<<<<

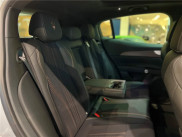 MASERATI GRECALE 410 KW de 2025 avec 4 500 km | Occasion proche Lyon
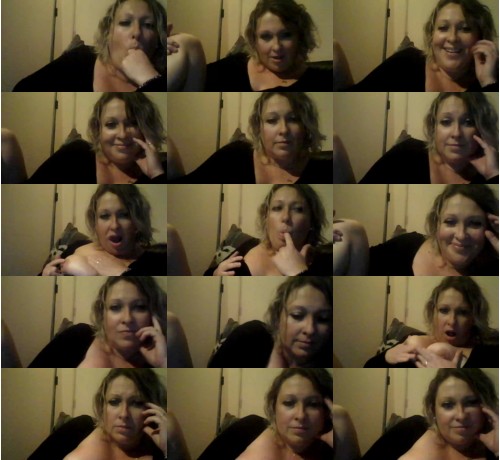 Download Video File: cam4 val42000
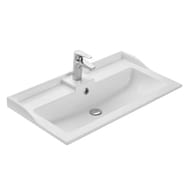 �������� Aquaton ����� 80 1A708031FB010 800x450x211 ��, �������, ��������� ��� ���������, �����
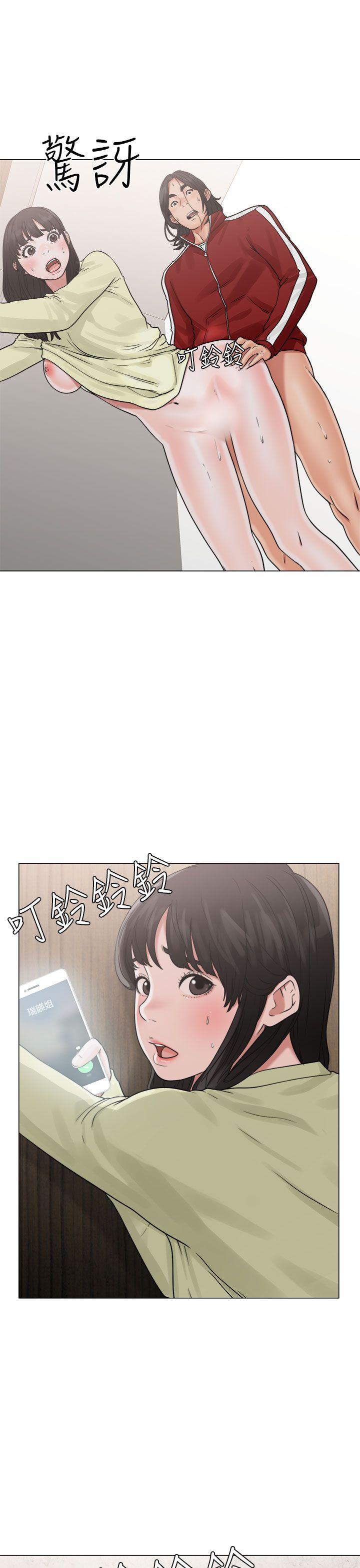 第22話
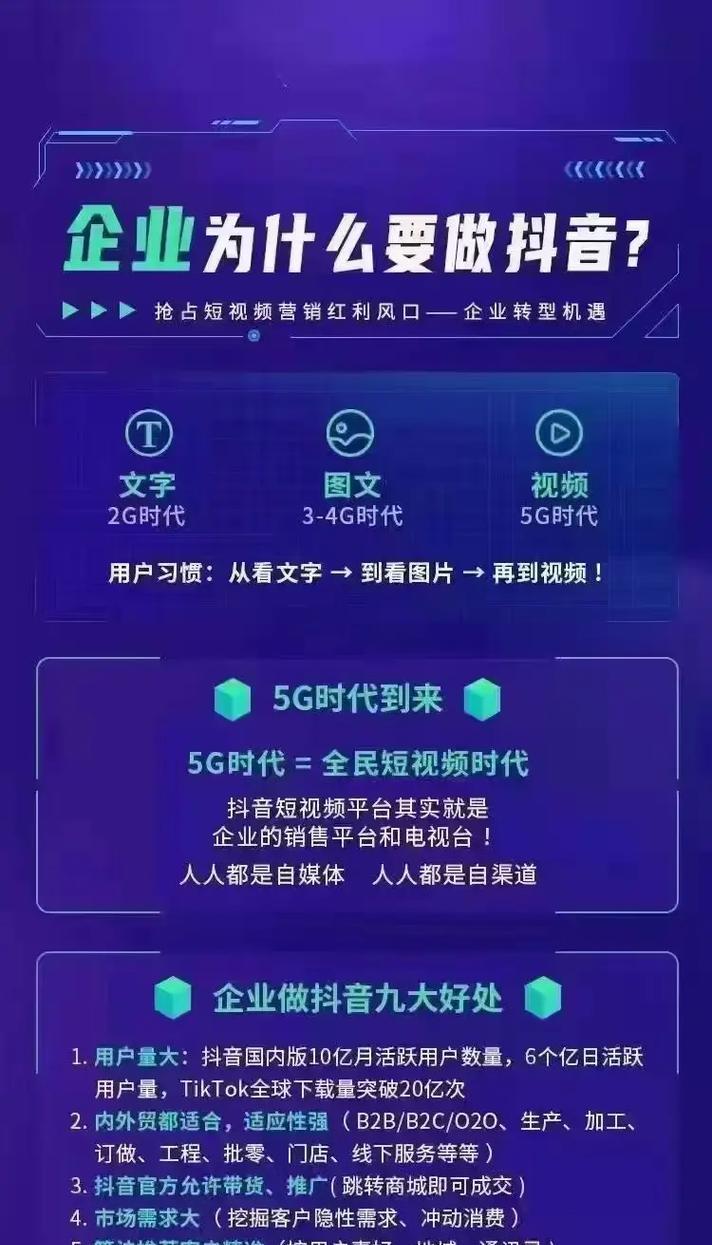 抖音关键词热度巨量的含义是什么？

>>>>

■ Action item
Write out every line above exactly, minus images.

■ Response below
 MASERATI GRECALE 410 KW de 2025 avec 4 500 km | Occasion proche Lyon
 Download Video File: cam4 val42000
 �������� Aquaton ����� 80 1A708031FB010 800x450x211 ��, �������, ��������� ��� ���������, �����
 第22話
 抖音关键词热度巨量的含义是什么？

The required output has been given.